DATASET SECTION Block Start

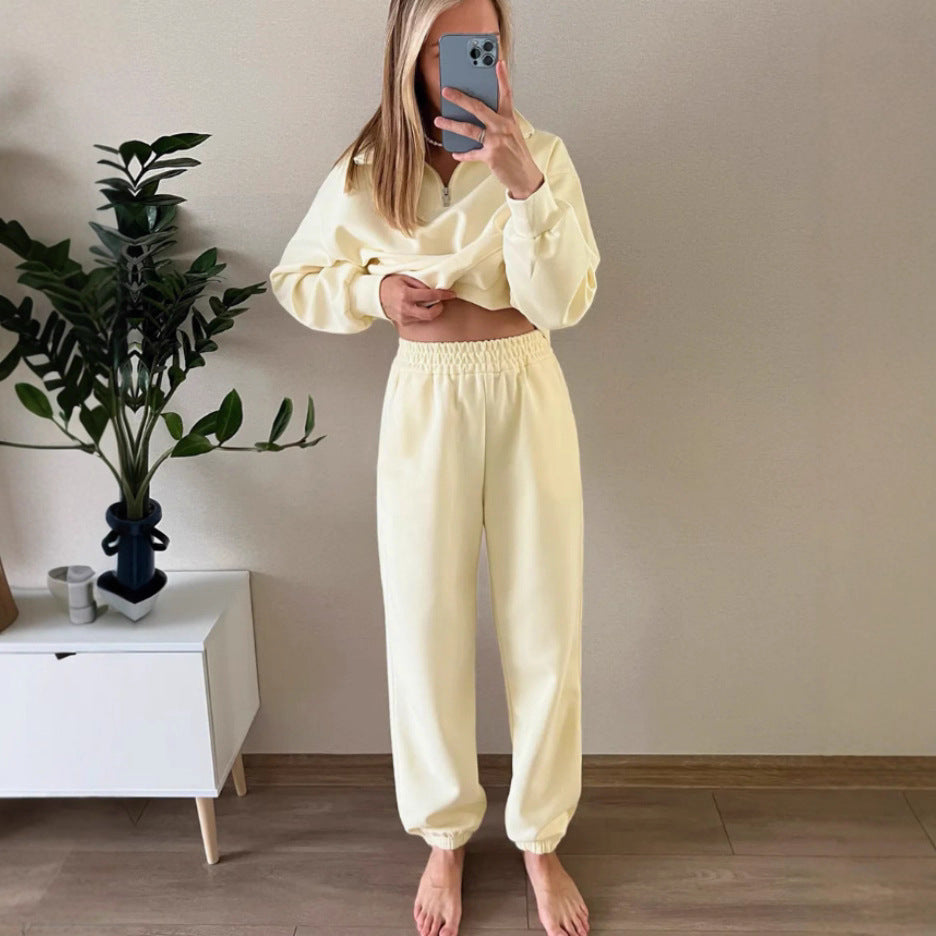 Kvinnors sportiga tvådelade set med kontinuerlig dragkedja och avslappnad passform-Eva Jonsson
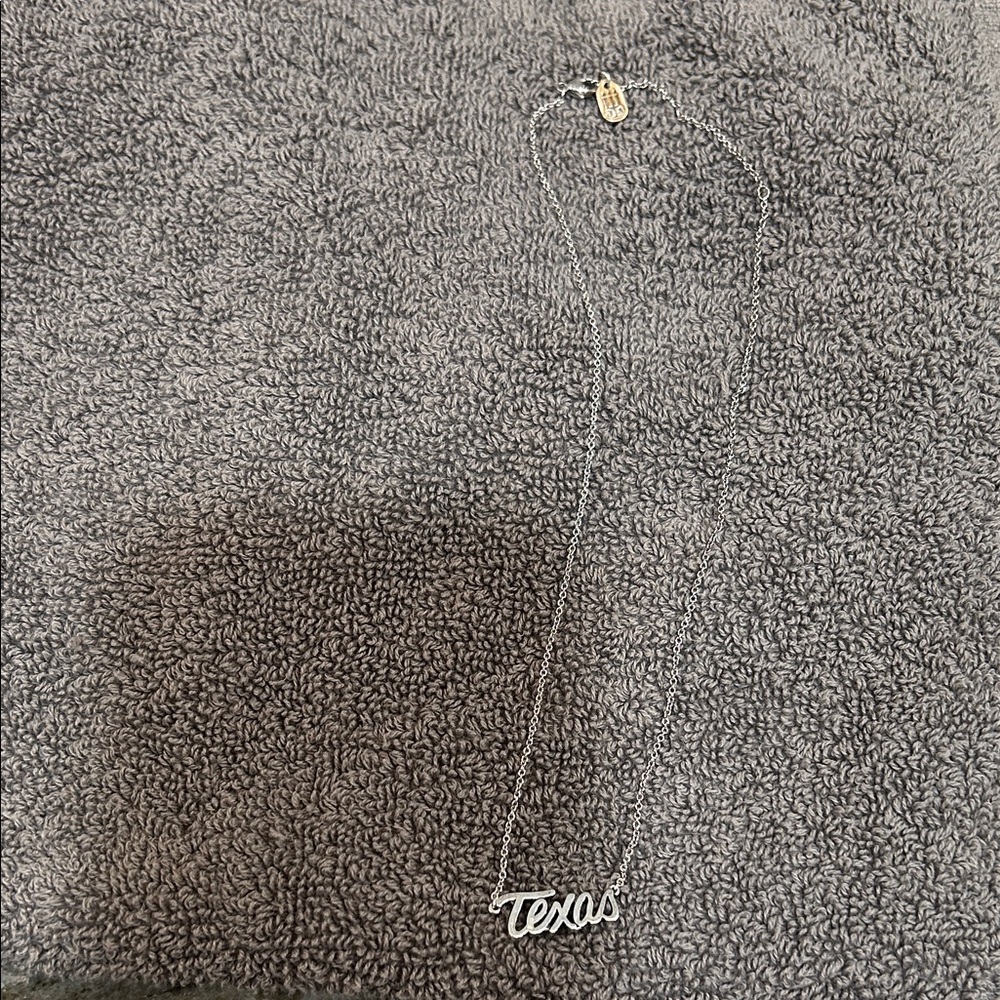 James Avery 925 sterling Silver 'Texas' Necklace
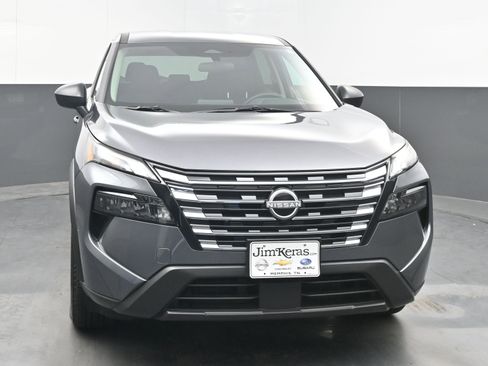 Certified 2025 Nissan Rogue S image 2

DATASET SECTION Block End

[TASK INSTRUCTIONS]: Beginning with the line containing "James Avery 925" and ending with the last line of the listing above, output those lines exactly as written, without pictures.

[THE ANSWER]:
 James Avery 925 sterling Silver 'Texas' Necklace
 Certified 2025 Nissan Rogue S image 2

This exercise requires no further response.